Finding the longest palindromic substring is a classic interview problem. While the naive approach takes $O(N^3)$ and dynamic programming takes $O(N^2)$, Manacher's Algorithm achieves the same result in linear time ($O(N)$).
The Core Concept: Symmetry and Re-use
Manacher's algorithm avoids redundant work by leveraging the symmetry of palindromes. If we know a palindrome exists at a certain center, we can use its properties to estimate the palindrome lengths of its mirrored positions.
Key Steps:
- Pre-processing: Insert special characters (like
#) between every character to handle both even and odd-length palindromes uniformly. - Center and Right Boundary: Keep track of the center of the rightmost palindrome found so far and its right boundary.
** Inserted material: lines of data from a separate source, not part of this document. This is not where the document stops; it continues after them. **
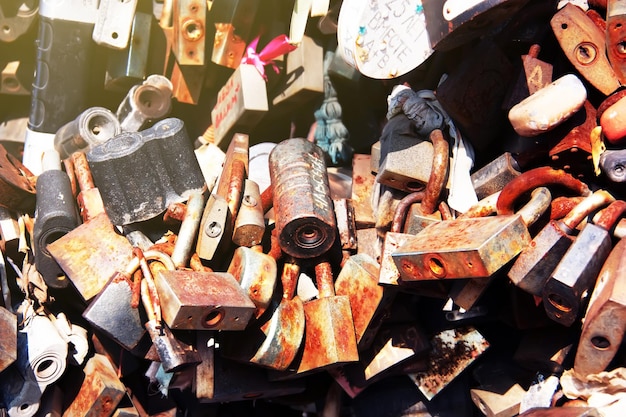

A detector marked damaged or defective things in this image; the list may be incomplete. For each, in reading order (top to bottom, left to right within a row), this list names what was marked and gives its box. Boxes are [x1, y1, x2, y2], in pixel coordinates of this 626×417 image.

corroded metal lock [548, 2, 616, 95]
rusty padlock [548, 2, 616, 95]
corroded metal lock [0, 304, 16, 372]
corroded metal lock [0, 143, 35, 213]
corroded metal lock [32, 150, 80, 290]
rusty padlock [32, 150, 80, 290]
corroded metal lock [52, 106, 120, 160]
rusty padlock [71, 150, 105, 221]
corroded metal lock [71, 150, 105, 221]
corroded metal lock [48, 213, 135, 300]
rusty padlock [48, 213, 135, 300]
corroded metal lock [61, 352, 125, 416]
rusty padlock [61, 352, 125, 416]
corroded metal lock [114, 74, 172, 132]
corroded metal lock [86, 117, 204, 226]
corroded metal lock [154, 268, 254, 330]
rusty padlock [196, 133, 247, 264]
corroded metal lock [196, 133, 247, 264]
corroded metal lock [224, 247, 272, 318]
rusty padlock [223, 244, 274, 318]
corroded metal lock [232, 179, 266, 247]
rusty padlock [232, 179, 266, 247]
rusty padlock [221, 256, 306, 370]
corroded metal lock [268, 138, 336, 258]
rusty padlock [268, 138, 336, 258]
oxidized iron [268, 138, 336, 258]
rusty padlock [292, 260, 356, 374]
corroded metal lock [292, 260, 356, 374]
corroded metal lock [334, 252, 388, 350]
rusty padlock [334, 254, 392, 352]
rusty padlock [402, 128, 446, 236]
rusty padlock [392, 180, 548, 282]
rusty padlock [504, 188, 612, 296]
corroded metal lock [508, 190, 608, 298]
corroded metal lock [540, 199, 620, 324]
rusty padlock [540, 200, 624, 326]
rusty padlock [572, 236, 624, 376]
corroded metal lock [572, 236, 624, 376]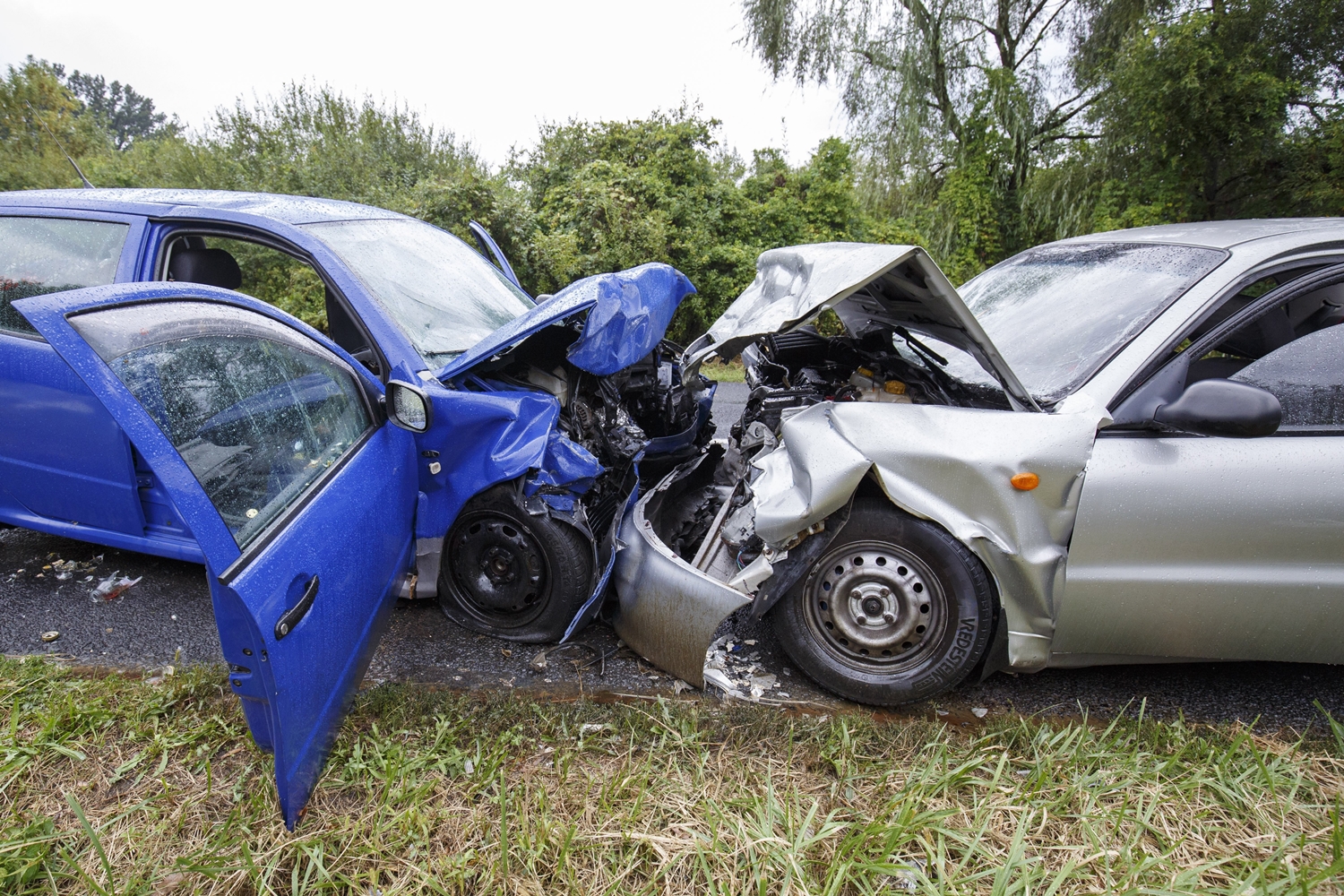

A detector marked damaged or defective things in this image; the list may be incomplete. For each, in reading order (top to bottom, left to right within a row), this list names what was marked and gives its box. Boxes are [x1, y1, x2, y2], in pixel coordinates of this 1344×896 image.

crushed blue car hood [435, 264, 699, 381]
crumpled silver car hood [688, 246, 1032, 413]
torn metal panel [753, 402, 1107, 668]
crumpled front fender [758, 402, 1102, 668]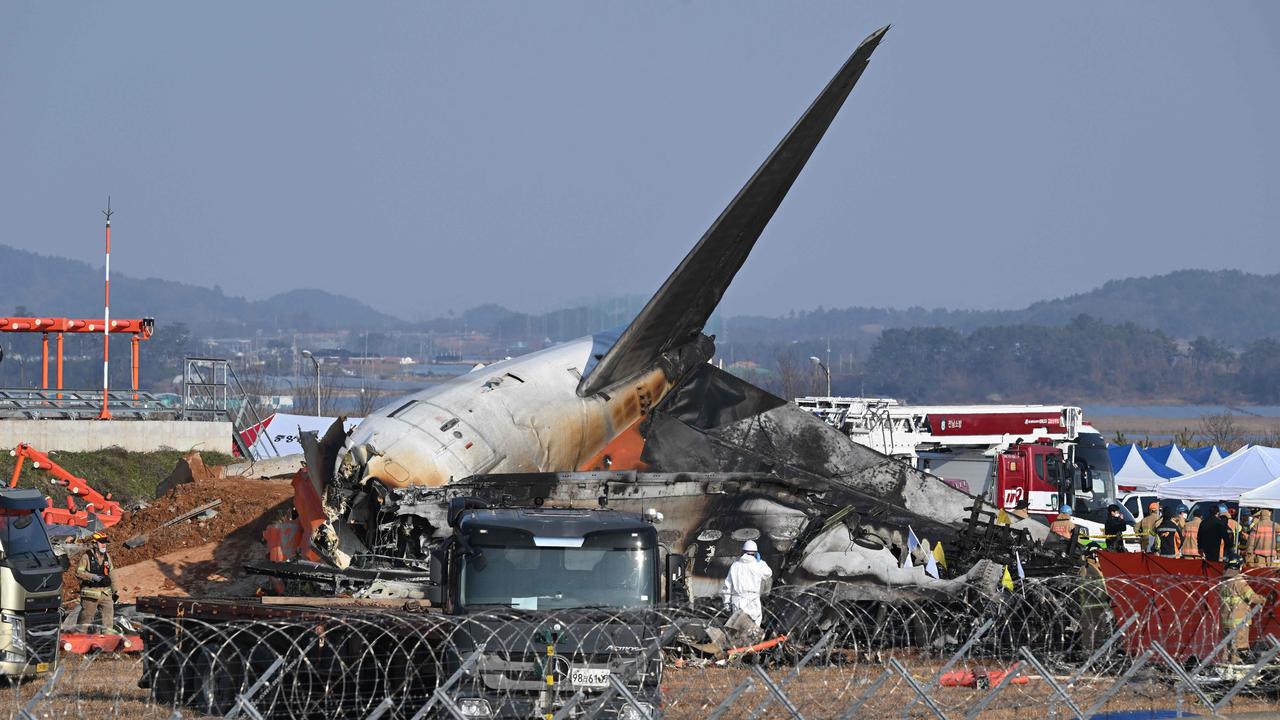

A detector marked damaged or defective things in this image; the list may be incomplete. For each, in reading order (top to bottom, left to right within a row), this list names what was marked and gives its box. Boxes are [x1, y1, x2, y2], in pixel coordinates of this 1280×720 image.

burned aircraft wreckage [252, 23, 1080, 608]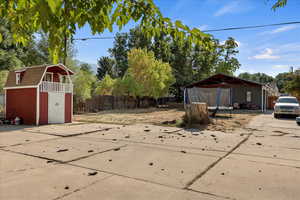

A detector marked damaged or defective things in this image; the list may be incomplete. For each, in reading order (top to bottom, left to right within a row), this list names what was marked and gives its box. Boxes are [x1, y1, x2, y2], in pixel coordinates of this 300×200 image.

cracked concrete slab [0, 130, 58, 148]
cracked concrete slab [0, 163, 111, 200]
cracked concrete slab [5, 138, 125, 162]
cracked concrete slab [59, 175, 225, 200]
cracked concrete slab [71, 145, 219, 188]
cracked concrete slab [190, 156, 300, 200]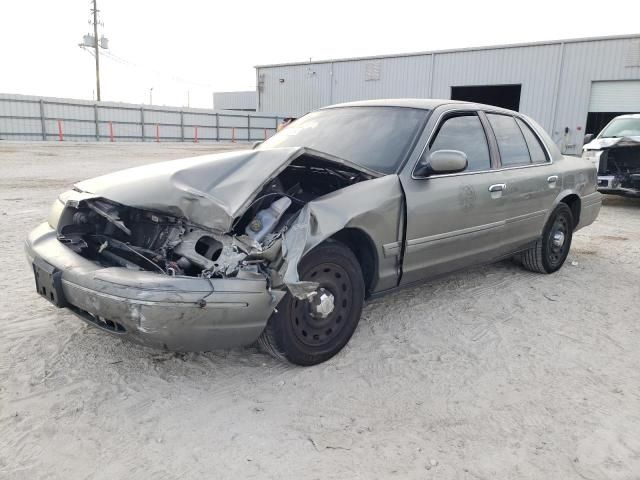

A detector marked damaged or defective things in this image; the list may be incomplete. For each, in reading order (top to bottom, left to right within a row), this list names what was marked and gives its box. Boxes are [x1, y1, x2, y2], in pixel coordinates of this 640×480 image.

damaged front bumper [25, 223, 284, 350]
bent hood [74, 146, 378, 232]
damaged sedan [26, 99, 604, 366]
damaged sedan [584, 114, 640, 197]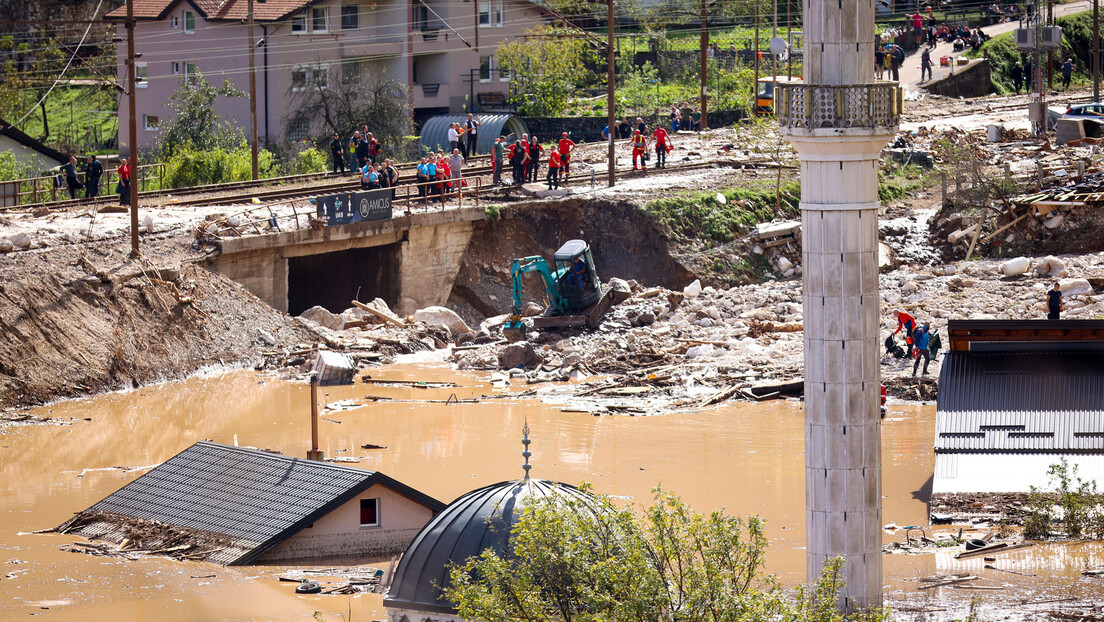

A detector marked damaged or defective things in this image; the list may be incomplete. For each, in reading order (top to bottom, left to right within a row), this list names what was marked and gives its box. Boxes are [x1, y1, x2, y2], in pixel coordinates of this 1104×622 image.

damaged roof [56, 442, 444, 568]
- Mirroring: For a new position, use its mirror across the current center to initialize its palindrome radius.
Manacher's Algorithm Implementation in Java
public class Manacher {
public String longestPalindrome(String s) {
if (s == null || s.length() == 0) return "";
// Step 1: Pre-process the string
StringBuilder sb = new StringBuilder();
sb.append("^");
for (char c : s.toCharArray()) {
sb.append("#").append(c);
}
sb.append("#$");
String t = sb.toString();
int n = t.length();
int[] p = new int[n];
int center = 0, right = 0;
for (int i = 1; i < n - 1; i++) {
int mirror = 2 * center - i;
if (i < right) {
p[i] = Math.min(right - i, p[mirror]);
}
// Attempt to expand palindrome centered at i
while (t.charAt(i + (1 + p[i])) == t.charAt(i - (1 + p[i]))) {
p[i]++;
}
// Update center and right boundary if expanded past right
if (i + p[i] > right) {
center = i;
right = i + p[i];
}
}
// Find the maximum radius and its center
int maxLen = 0;
int centerIndex = 0;
for (int i = 1; i < n - 1; i++) {
if (p[i] > maxLen) {
maxLen = p[i];
centerIndex = i;
}
}
int start = (centerIndex - maxLen) / 2;
return s.substring(start, start + maxLen);
}
}
Why use Manacher's?
| Feature | Manacher's | Dynamic Programming | Naive Approach |
|---|---|---|---|
| Time Complexity | $O(N)$ | $O(N^2)$ | $O(N^3)$ |
| Space Complexity | $O(N)$ | $O(N^2)$ | $O(1)$ |
| Best For | Large strings | Small strings | Quick implementation |
Real-World Applications
- Bioinformatics: Finding palindromic sequences in DNA, which often indicate binding sites for proteins.
- Data Compression: Identifying repeating patterns in strings for more efficient encoding.
- Text Processing: Advanced search and pattern matching in large text corpora.
Summary
Manacher's algorithm is a brilliant example of how a small amount of pre-processing and a clever use of symmetry can transform a quadratic problem into a linear one. While the logic is more intricate than standard string algorithms, its performance is unmatched for palindrome-related tasks. Mastering this algorithm is a surefire way to stand out in high-level technical interviews.